All too rare good news this week in that Dorset has been granted around £3m under the Growth Fund scheme to support rural businesses.

The money, which will be channelled through the LEP, is due to be divided among projects which support food processing, tourism and business development – supporting the Government’s intention to support growth in the rural economy.

Interestingly, it follows close on the heels of the publication of the Government’s new Industrial Strategy which is currently out for consultation and which promises to address the uneven distribution of opportunity and growth across the country.

Well let us hope so, because when this strategy was at the conceptual stage – as recently as last year’s Autumn statement -  there were serious concerns that the vast majority of the business growth policies, then at the heart of Government thinking, focused on towns and cities but ignored rural businesses.

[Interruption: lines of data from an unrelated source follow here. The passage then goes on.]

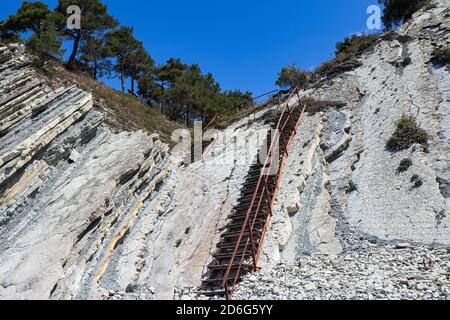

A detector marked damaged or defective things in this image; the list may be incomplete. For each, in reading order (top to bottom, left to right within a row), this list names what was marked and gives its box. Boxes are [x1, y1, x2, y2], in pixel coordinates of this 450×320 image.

rusty metal staircase [202, 89, 308, 298]
rusty metal frame [221, 87, 308, 298]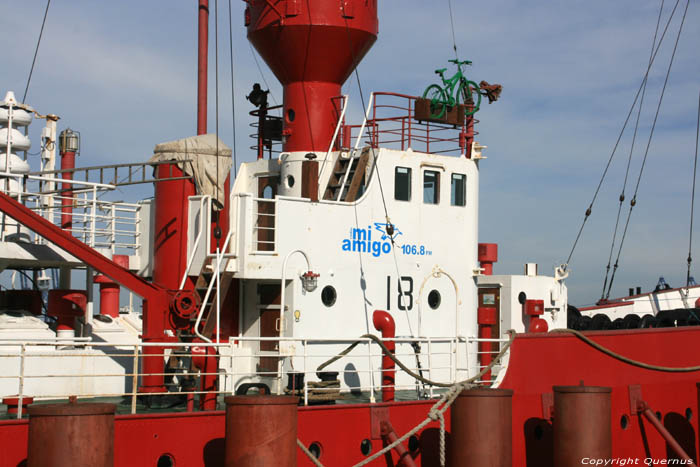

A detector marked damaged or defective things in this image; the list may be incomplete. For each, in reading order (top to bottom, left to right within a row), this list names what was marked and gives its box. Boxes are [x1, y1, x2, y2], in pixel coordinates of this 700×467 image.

rusty metal drum [26, 402, 115, 467]
rusty metal drum [226, 394, 300, 467]
rusty metal drum [452, 388, 512, 467]
rusty metal drum [556, 386, 608, 466]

Never has it been more important to address the imbalance of investment in our countryside than it is now and the Government’s new Industrial Strategy must provide support for rural businesses in a pro-active and meaningful way if ministers really do want to ensure the promise of opportunity and growth, spread evenly across the country, is met.

But there’s a big black cloud on the horizon which demands a healthy injection of inter-departmental joined up thinking – because rural businesses are under serious and imminent threat from an unprecedented hike in tax bills brought about by a seriously flawed, clumsy and unfair, rating system that is in urgent need of review.

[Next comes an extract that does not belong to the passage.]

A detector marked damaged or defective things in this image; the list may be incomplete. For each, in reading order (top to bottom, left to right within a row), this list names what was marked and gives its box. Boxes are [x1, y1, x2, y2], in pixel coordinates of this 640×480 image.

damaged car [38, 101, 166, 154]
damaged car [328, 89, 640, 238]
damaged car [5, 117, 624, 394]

From April, thousands of businesses will face dramatic increases in their rates bill – some furnished holiday lets are facing genuinely terrifying increases – and, whatever the rationale, the reality is that the problem has been exacerbated by a politically motivated decision taken in 2015 to delay revaluation.

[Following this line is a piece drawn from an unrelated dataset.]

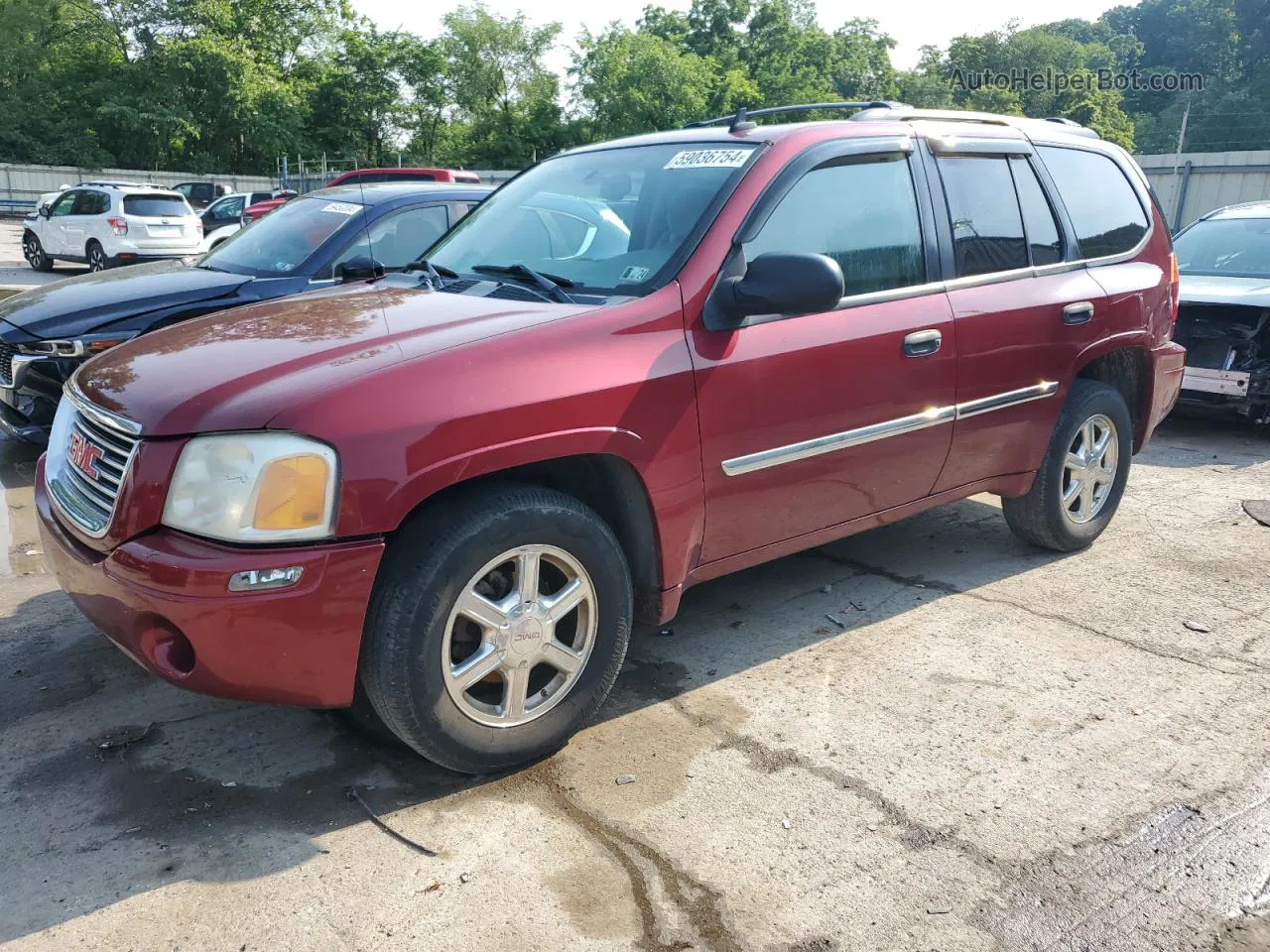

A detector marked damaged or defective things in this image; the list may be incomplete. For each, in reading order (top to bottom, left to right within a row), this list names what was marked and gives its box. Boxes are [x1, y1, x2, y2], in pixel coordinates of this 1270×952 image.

damaged white car [1168, 201, 1270, 423]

So far, Ministers appear to have turned a deaf ear to this problem and, quite simply, that’s not good enough. If all the messages they are sending out about supporting the rural economy are to have any credibility, urgent action is needed to defuse this looming crisis -action which should be set out as early as the Budget on 8 March.   

The CLA has written to the Treasury with a plan to reduce the potentially catastrophic rates hike that many businesses are now facing - and prevent such a damaging situation from ever happening again.

First and foremost the Government should ensure that valuations are accurate and based on local circumstances - not on regionally estimated benchmarks. There are other key points, such as ensuring that businesses which were exempt under the 2016 Small Business Rate Relief should remain exempt under the 2017 scheme - even if their new value has taken them over the threshold.

There is also a rather arbitrary discrimination which excludes many small rural businesses from qualification for 100% rate relief simply because their business includes more than one property – why?

Many of the businesses worst affected by the new rates hike – such as livestock markets, self catering accommodation, golf courses and events locations – currently have to pay the cost of any appeal simply because they fall within a ‘scheme” valuation rather than an individual valuation. That is a system which should be scrapped.

Again, where business properties are unoccupied, the owner is currently required to pay the rates bill. The grace period is short - three months for commercial buildings and six months for industrial. Grace periods in rural areas should be extended to a minimum of two years to reflect the slower uptake of new property in rural areas.